Your instructions: Nothing outside the range below should be printed. Output exactly the lines from the line with "Laptop, okay. And" to the line with "Let's do our", both included.

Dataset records
--------------------------------

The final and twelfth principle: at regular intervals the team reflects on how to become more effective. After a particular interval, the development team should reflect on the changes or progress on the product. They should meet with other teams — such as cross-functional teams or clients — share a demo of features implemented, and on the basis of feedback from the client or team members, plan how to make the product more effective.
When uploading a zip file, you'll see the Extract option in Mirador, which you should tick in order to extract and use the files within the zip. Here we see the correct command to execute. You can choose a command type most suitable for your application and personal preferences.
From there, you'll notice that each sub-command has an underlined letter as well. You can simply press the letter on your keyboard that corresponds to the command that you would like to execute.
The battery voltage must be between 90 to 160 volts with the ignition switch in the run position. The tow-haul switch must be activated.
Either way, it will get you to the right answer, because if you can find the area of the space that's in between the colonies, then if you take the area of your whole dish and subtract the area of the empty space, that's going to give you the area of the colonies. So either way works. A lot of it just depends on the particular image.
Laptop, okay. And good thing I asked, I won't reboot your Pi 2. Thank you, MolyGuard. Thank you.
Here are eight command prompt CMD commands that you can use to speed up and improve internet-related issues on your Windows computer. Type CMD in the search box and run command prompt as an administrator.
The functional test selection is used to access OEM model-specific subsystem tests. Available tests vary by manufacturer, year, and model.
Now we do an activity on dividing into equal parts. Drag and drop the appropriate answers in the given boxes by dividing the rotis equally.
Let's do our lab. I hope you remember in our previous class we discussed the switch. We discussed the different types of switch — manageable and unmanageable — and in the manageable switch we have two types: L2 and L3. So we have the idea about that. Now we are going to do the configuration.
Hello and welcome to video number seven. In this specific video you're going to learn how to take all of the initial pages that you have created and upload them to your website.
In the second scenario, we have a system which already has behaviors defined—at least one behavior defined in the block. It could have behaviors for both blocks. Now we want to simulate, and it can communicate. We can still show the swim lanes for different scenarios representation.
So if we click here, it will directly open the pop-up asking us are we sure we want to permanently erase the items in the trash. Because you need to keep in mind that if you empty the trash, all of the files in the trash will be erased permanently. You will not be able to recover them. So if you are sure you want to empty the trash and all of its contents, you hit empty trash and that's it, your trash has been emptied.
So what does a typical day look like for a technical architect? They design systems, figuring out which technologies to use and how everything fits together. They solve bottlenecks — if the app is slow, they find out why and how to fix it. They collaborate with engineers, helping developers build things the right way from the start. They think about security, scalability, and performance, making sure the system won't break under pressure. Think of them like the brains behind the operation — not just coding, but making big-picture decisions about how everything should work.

--------------------------------

Solution below:
Laptop, okay. And good thing I asked, I won't reboot your Pi 2. Thank you, MolyGuard. Thank you.
Here are eight command prompt CMD commands that you can use to speed up and improve internet-related issues on your Windows computer. Type CMD in the search box and run command prompt as an administrator.
The functional test selection is used to access OEM model-specific subsystem tests. Available tests vary by manufacturer, year, and model.
Now we do an activity on dividing into equal parts. Drag and drop the appropriate answers in the given boxes by dividing the rotis equally.
Let's do our lab. I hope you remember in our previous class we discussed the switch. We discussed the different types of switch — manageable and unmanageable — and in the manageable switch we have two types: L2 and L3. So we have the idea about that. Now we are going to do the configuration.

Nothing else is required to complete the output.